The justification of the whole military buildup of the past 15 years has been the need to protect Americans against the threat of radical Islamic terrorism.

Ashton Carter
Yet Secretary of Defense Ashton Carter, in recent testimony (actually several months ago, but I’m just catching up with it) ranks ranks terrorism as a lesser threat to the United States than Russia, China, Iran and North Korea.
The governments of Russia, China and Iran are in fact enemies of the so-called Islamic State (ISIS) and the successors of Osama bin Laden’s Al Qaeda. Targeting them indirectly strengthens terrorism.
What do Russia, China and Iran threaten? They do not threaten American citizens. They do not threaten the American homeland.
What they threaten is U.S. military superiority in eastern Europe, eastern Asia and the Middle East. Protecting Americans from terrorism takes a back seat to what the Pentagon calls full spectrum dominance.
Risking war with any country without a good reason is both stupid and morally wrong. But of all the countries in the world, Russia and China are the worst ones to pick as enemies.
Russia is the world’s second-largest nuclear power. It is the only country in the world with the military capability to literally destroy the United States as a nation.

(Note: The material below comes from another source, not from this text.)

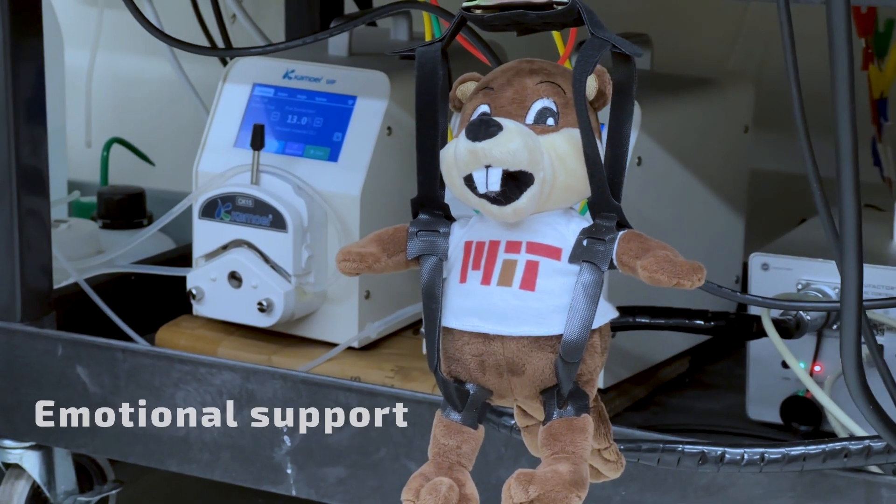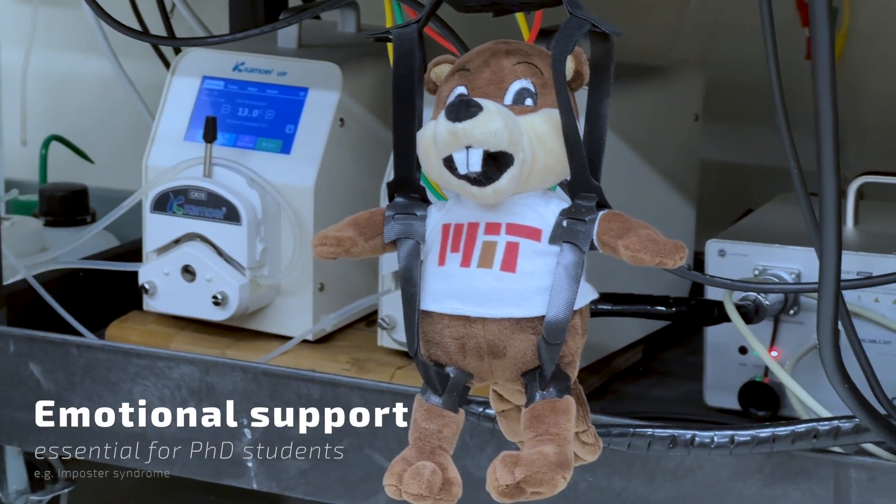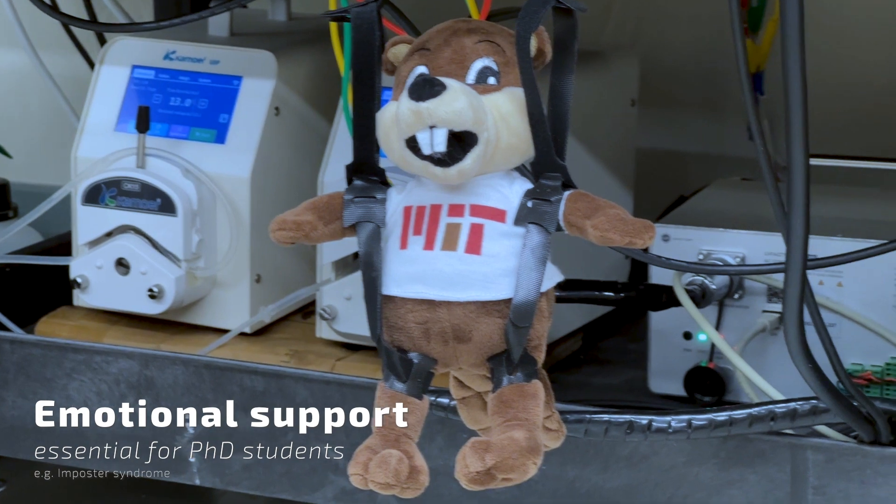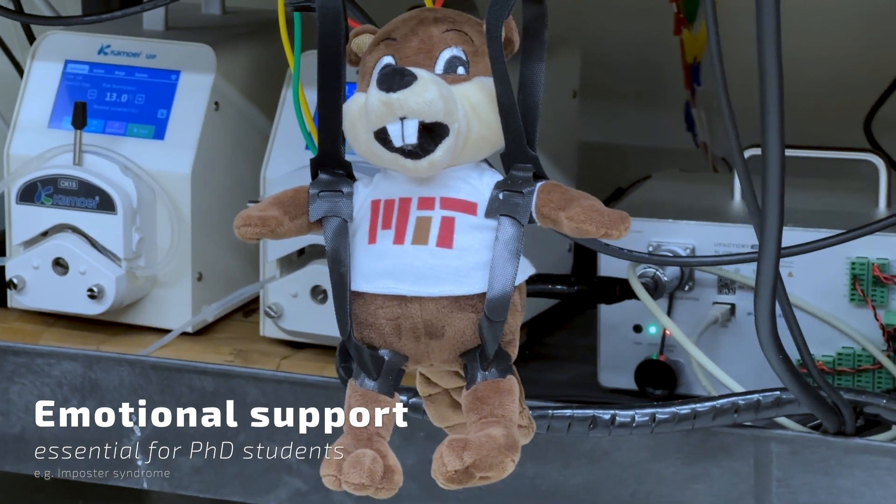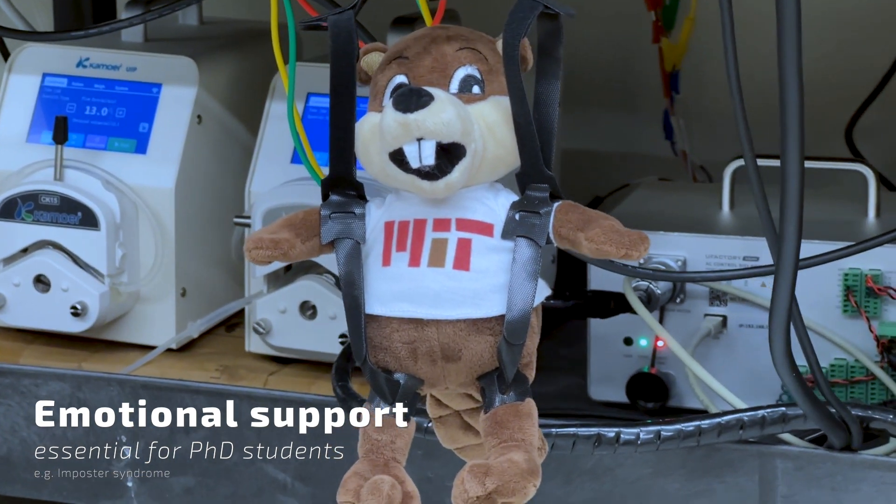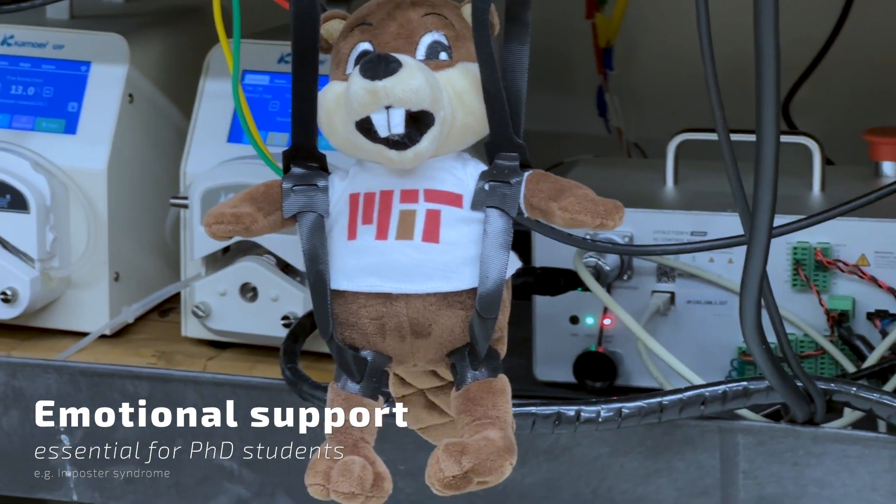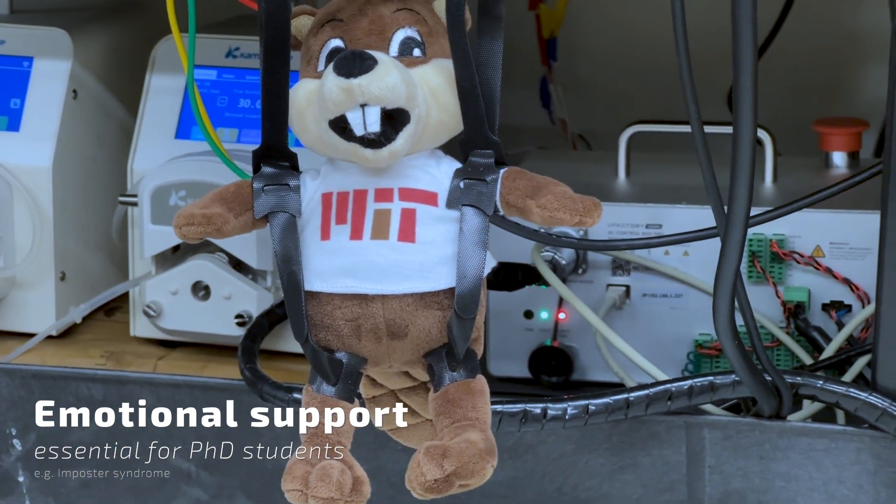I understand that you may be feeling uncertain or overwhelmed at times. It's natural to have moments of self-doubt, especially in challenging environments like academia.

China is the world’s second-largest or maybe largest economic power. It has the power to ruin the United States financially by ceasing to lend money and by cutting off supplies of essential U.S. imports.
The leaders of Russia and China, being rational, would not do this because they would ruin their own countries in the process. The only ways this would happen would be if they were backed into a corner where they thought they had nothing to lose or—in the case of Russia—they found themselves in a situation in which nuclear war could be touched off accidentally.
The United States has by far the world’s most expensive military. We Americans spend more on our armed forces than the next 10 countries put together. But that doesn’t mean we have the world’s most effective military, especially when fighting far from home.
In fact, the big U.S. military budgets may be counter-productive. Decision-makers may think the U.S. is so rich and powerful that individual instances of waste and ineffectiveness don’t matter. Or that it is not necessary to set priorities.